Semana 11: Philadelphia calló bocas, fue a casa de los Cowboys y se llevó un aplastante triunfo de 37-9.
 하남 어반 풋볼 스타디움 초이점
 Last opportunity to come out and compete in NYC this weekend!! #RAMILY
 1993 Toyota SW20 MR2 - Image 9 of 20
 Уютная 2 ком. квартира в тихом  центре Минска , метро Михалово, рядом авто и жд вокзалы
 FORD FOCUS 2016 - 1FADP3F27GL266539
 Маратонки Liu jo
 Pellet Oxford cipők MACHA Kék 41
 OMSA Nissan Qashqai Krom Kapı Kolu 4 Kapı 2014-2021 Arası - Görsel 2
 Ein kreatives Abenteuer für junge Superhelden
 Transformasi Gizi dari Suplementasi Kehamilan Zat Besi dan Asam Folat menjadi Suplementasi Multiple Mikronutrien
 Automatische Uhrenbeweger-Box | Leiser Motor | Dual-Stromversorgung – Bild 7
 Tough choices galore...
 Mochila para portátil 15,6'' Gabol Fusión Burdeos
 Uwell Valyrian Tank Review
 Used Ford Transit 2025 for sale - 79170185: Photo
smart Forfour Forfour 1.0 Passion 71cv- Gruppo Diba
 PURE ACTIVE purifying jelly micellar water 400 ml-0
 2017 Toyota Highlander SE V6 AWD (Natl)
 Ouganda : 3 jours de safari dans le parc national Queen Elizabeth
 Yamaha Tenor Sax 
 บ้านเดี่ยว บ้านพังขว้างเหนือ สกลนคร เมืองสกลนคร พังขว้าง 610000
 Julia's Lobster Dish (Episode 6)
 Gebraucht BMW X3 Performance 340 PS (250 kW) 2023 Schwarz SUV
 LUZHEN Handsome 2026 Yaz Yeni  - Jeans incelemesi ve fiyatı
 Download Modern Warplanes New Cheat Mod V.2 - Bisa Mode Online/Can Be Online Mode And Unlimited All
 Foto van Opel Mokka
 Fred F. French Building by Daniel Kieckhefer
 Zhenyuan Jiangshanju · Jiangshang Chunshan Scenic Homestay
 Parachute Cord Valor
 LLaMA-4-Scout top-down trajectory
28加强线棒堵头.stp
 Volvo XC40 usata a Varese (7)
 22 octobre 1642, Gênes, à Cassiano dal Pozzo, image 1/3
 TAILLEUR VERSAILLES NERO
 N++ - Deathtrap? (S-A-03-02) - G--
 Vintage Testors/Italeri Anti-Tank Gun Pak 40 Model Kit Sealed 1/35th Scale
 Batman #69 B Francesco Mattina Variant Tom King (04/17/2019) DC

ABOUT THIS EXERCISE >>
Nothing is to be left out: set down all the records again exactly.

TASK RESULT >>
Semana 11: Philadelphia calló bocas, fue a casa de los Cowboys y se llevó un aplastante triunfo de 37-9.
 하남 어반 풋볼 스타디움 초이점
 Last opportunity to come out and compete in NYC this weekend!! #RAMILY
 1993 Toyota SW20 MR2 - Image 9 of 20
 Уютная 2 ком. квартира в тихом  центре Минска , метро Михалово, рядом авто и жд вокзалы
 FORD FOCUS 2016 - 1FADP3F27GL266539
 Маратонки Liu jo
 Pellet Oxford cipők MACHA Kék 41
 OMSA Nissan Qashqai Krom Kapı Kolu 4 Kapı 2014-2021 Arası - Görsel 2
 Ein kreatives Abenteuer für junge Superhelden
 Transformasi Gizi dari Suplementasi Kehamilan Zat Besi dan Asam Folat menjadi Suplementasi Multiple Mikronutrien
 Automatische Uhrenbeweger-Box | Leiser Motor | Dual-Stromversorgung – Bild 7
 Tough choices galore...
 Mochila para portátil 15,6'' Gabol Fusión Burdeos
 Uwell Valyrian Tank Review
 Used Ford Transit 2025 for sale - 79170185: Photo
smart Forfour Forfour 1.0 Passion 71cv- Gruppo Diba
 PURE ACTIVE purifying jelly micellar water 400 ml-0
 2017 Toyota Highlander SE V6 AWD (Natl)
 Ouganda : 3 jours de safari dans le parc national Queen Elizabeth
 Yamaha Tenor Sax 
 บ้านเดี่ยว บ้านพังขว้างเหนือ สกลนคร เมืองสกลนคร พังขว้าง 610000
 Julia's Lobster Dish (Episode 6)
 Gebraucht BMW X3 Performance 340 PS (250 kW) 2023 Schwarz SUV
 LUZHEN Handsome 2026 Yaz Yeni  - Jeans incelemesi ve fiyatı
 Download Modern Warplanes New Cheat Mod V.2 - Bisa Mode Online/Can Be Online Mode And Unlimited All
 Foto van Opel Mokka
 Fred F. French Building by Daniel Kieckhefer
 Zhenyuan Jiangshanju · Jiangshang Chunshan Scenic Homestay
 Parachute Cord Valor
 LLaMA-4-Scout top-down trajectory
28加强线棒堵头.stp
 Volvo XC40 usata a Varese (7)
 22 octobre 1642, Gênes, à Cassiano dal Pozzo, image 1/3
 TAILLEUR VERSAILLES NERO
 N++ - Deathtrap? (S-A-03-02) - G--
 Vintage Testors/Italeri Anti-Tank Gun Pak 40 Model Kit Sealed 1/35th Scale
 Batman #69 B Francesco Mattina Variant Tom King (04/17/2019) DC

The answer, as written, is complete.